Circle Commerce
- Industry: Software
- Founded: 1991
- Founder: Frank Hanshaw III
- Headquarters: Windsor, Connecticut, United States
- Products: Order Management Software
- Website: circlecommerce.com

= Circle Commerce =

American accounting software company

Circle Commerce is an American order management software company located in Windsor, Connecticut, United States.

==History==
Circle Commerce was founded in 1991 under the name Avexxis Corporation by former consultants from a major accounting firm. In 2011, the company re-branded itself as Circle Commerce and in 2012, received financing the state of Connecticut's Department of Economic and Community Development (DECD), who awarded the company a $250,000 loan and $100,000 grant as part of the state's Business Express Program.

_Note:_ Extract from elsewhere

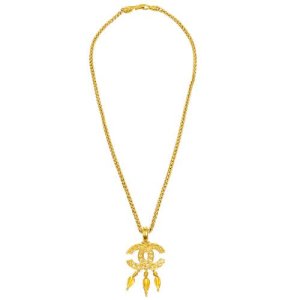 Chanel Cc Logos Charm Gold Chain Pendant Necklace 95A, Gold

Circle Commerce has customers such as C.C. Filson, and Herrington Catalog.

==Products==
Circle Commerce's flagship product is Circle Commerce Manager, a complete order management software system. It contains modules such as sales (order entry), products, marketing, customers, purchasing, warehouse, maintenance, general ledger, accounts payable, accounts receivable, human resources, utilities, DBA, as well as full shipping and selling channel integration, including Amazon.com, eBay, FedEx, and UPS.

Circle Commerce Manager is powered by Rocket UniVerse.